Council for Wisconsin Writers, Inc.
The Council for Wisconsin Writers is a unique community of writers, readers, educators, and literary people, both amateur and professional, throughout the state. For over 50 years, our mission has been to recognize and celebrate Wisconsin writers and to promote awareness of our state’s great literary heritage. Every year since 1964, we’ve sponsored the prestigious Wisconsin Writers Awards to honor the best work in a variety of literary genres.
History
The idea for the organization which would later become the Council for Wisconsin Writers first occurred to retired businessman Herbert Schowalter on New Year’s Eve 1958, when he first decided he would not spend his retirement years hunting and fishing only.

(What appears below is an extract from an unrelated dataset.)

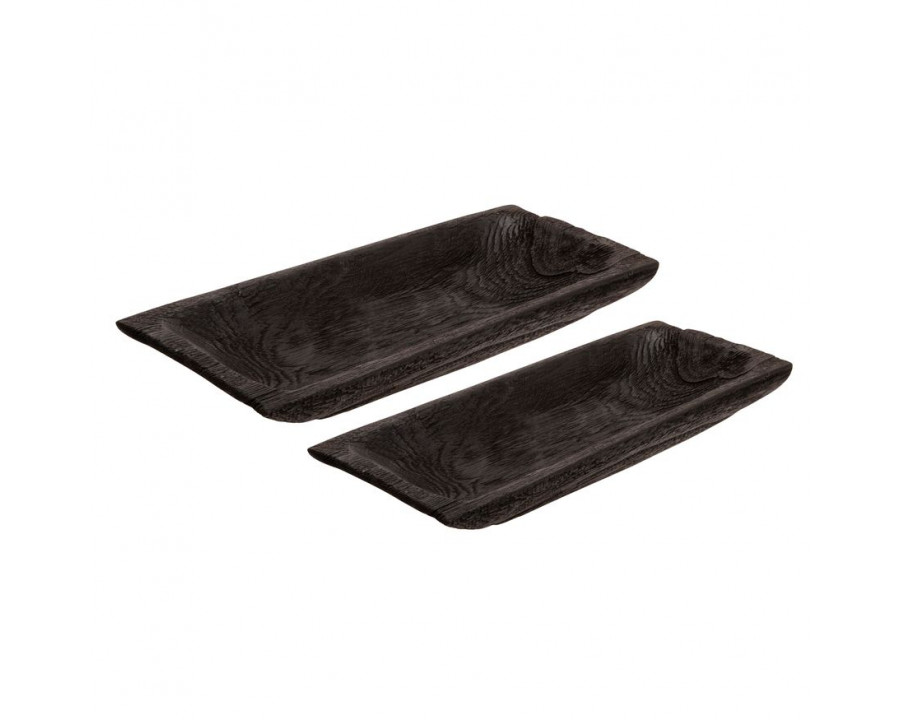 Sagebrook 15"/20" Wood Rectangular Tray (Set Of 2)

Schowalter, a World War II veteran, had returned from tour of service in France, Germany, and Austria with a keen awareness of the pride that Europeans took in their cultural possessions—books, paintings and music—and of how this pride sustained them, even in military defeat and widespread destruction. He was especially struck by the European assumption that Americans, while optimistic and resourceful, were overly materialistic and essentially cultureless.

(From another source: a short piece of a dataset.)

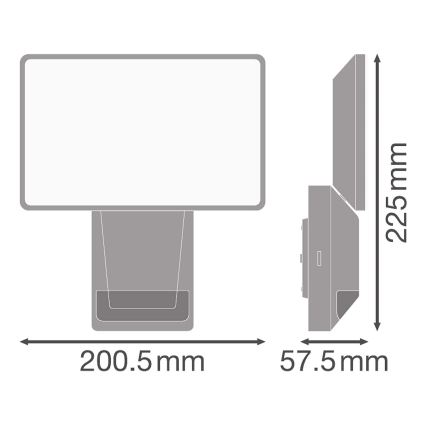 Ledvance - LED Lauko sieninis prožektorius su jutikliu FLOOD LED/27W/230V IP55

“We aren’t cultureless,” Schowalter later told the Milwaukee Journal, “but we certainly haven’t done enough to avail ourselves of the culture we have, or to encourage the people who create it.”
Spurred by this memory and his determination to make good use of his retirement, Schowalter and two other members of a group of writers called the Raconteurs (Larry Lawrence, a former editor with the Milwaukee Journal, and Al Nelson, a prolific freelance writer) hosted a dinner at Milwaukee’s Pfister Hotel in February 1963 to promote the formation of a group of interested writers and educators dedicated to promoting literary arts throughout the state. The dinner guests were writers, teachers, editors, and others from around the state who shared an interest in writing.

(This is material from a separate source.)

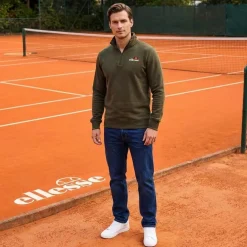 ellesse Benevento Hombre 1/4-Cremallera Sudadera SOP23856-Caqui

The dinner guests supported the idea, Milwaukee novelist Edward Harris Heth suggested the name, and with that, the Council for Wisconsin Writers (or CWW) was born. For the next several months, the CWW existed without dues or formal funding by passing the hat among the faithful at early meetings held in the Shorewood living room of the historical novelist Anne Powers Schwartz.
The original CWW working committees included: writers Helen C. White, August Derleth, Jim Dan Hill, Robert E. Gard, Lawrence Keating, Donald Emerson, and Betty Ren Wright; and editors and publishers Howard Mead of Wisconsin Tales and Trails, Father Michael Dineen of Country Beautiful, and Edward Kamarck of the Wisconsin Idea Theater. A distinguished variety of civic leaders filled out the roster.
In 1964, the Johnson Foundation of Racine donated $1,000, and the search for the first CWW award winner was on. Newspaper accounts at the time noted that Pulitzer Prizes for books were only $500 each, and National Book Awards were up to $1,000 each.
The winner of the first CWW award was poet Chad Walsh, for his collections Unknowing Dance and Psalm of Christ. Dorothy McGuinn, president of the Society of Midland Authors, addressed the first CWW banquet. Lawrence Keating served as master of ceremonies. The judges for that first contest were Emerson, White, Derleth, J.L. O’Sullivan, and Leslie Cross.
In 1966, the CWW—its membership having grown to 33—elected its first president, Donald Emerson, and inaugural board of directors: August Derleth, Chad Walsh, Florence Lindemann, Herbert Schowalter, Charles Peterson, Larry Sternig, William Cary, Lawrence Keating, Larry Lawrence, Edgar Kezeli, Al Nelson, and Robert Wells.
In the ensuing 50 years, hundreds of members and volunteers worked to recognize the outstanding work of Wisconsin writers and to promote public awareness of our state’s rich and diverse literary heritage.